Da dove vengono i personaggi dei sogni? Intendo dire non quelli che, più o meno vagamente e fedelmente, raffigurano i personaggi della nostra vita diurna, ma gli altri, gli ignoti. E alcuni (ad es. quella suora della cattedrale) hanno un carattere ben delineato, umano. Sono vere e proprie creazioni artistiche. (Morante 1990 : 1993)
4. CONCLUSIONE
Seguendo questi due percorsi del diventare autrici/autori abbiamo cercato di tessere dei rapporti tra la riflessione autobiografica, la scomposizione e ricomposizione delle filiazioni biografiche e l'emergere di altre filiazioni, immaginarie, letterarie e simboliche. Il romanzo di Aleramo mette in luce chiaramente in che modo il divenire scrittrice implichi una serie di rotture con ruoli e identità, e l'istituzione di nuove relazioni al di fuori di dipendenze e schemi. Anche per Morante diventare autore significa quindi ricomporre la memoria autobiografica dove si iscrivono la trasmissione, la nascita, le relazioni costitutive dell'Io, e la trama dei desideri, dei paesaggi interiori del corpo erotico, le figure genitrici diventano figure simboliche tramite una serie di trasformazioni e innesti che fanno del materiale autobiografico materiale romanzesco, delle identificazioni primarie gli 'ignoti personaggi' generati dall'alta fantasia del poeta, e ospiti del romanzo cattedrale.
Riferimenti bibliografici
Aleramo, Sibilla (1977). Una donna (1906), Milano : Feltrinelli.

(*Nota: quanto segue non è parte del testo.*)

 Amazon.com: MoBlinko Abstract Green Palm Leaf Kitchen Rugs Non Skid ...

Bono, Paola/Fortini, Laura, Eds. (2007). Il romanzo del divenire, Roma : Iacobelli.
Cixous, Hélène (1990). Jours de l'an. Paris : Éditions des femmes.
De Ceccaty, René (2004). Sibilla Aleramo. Nuit en pays étranger, Paris : Éditions du rocher.

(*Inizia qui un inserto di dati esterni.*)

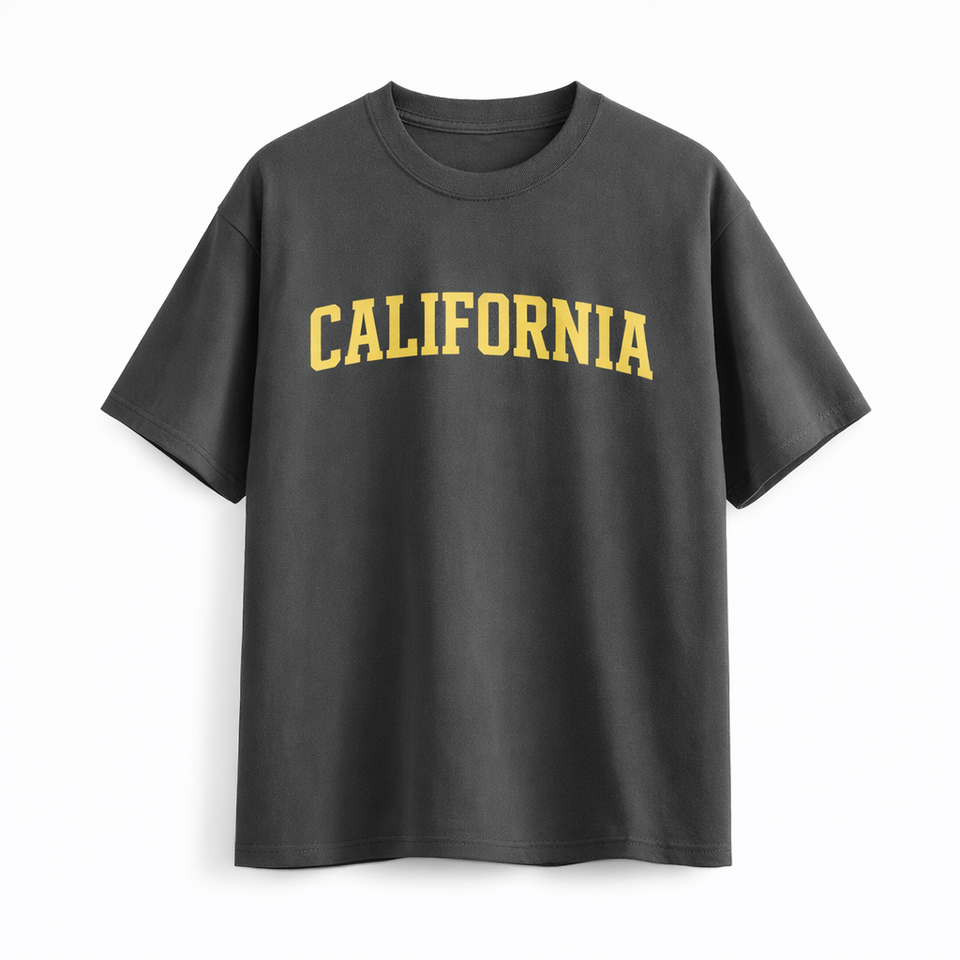 California State Pride T-Shirt in Charcoal / Cream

Morante, Elsa (1988). Opere Complete vol. I. Eds. Carlo Cecchi / Cesare Garboli (I Meridiani), Milano : Mondadori.
Morante, Elsa (1990) Opere Complete vol. II. Eds. Carlo Cecchi / Cesare Garboli (I Meridiani), Milano : Mondadori.
Noudelmann, François (2004). Pour en finir avec la généalogie, Paris : Éditions Léo Scheer.
Ramond, Michèle/Rodriguez, Béatrice, Éds. (2008). Les femmes et la filiation, Paris : Indigo.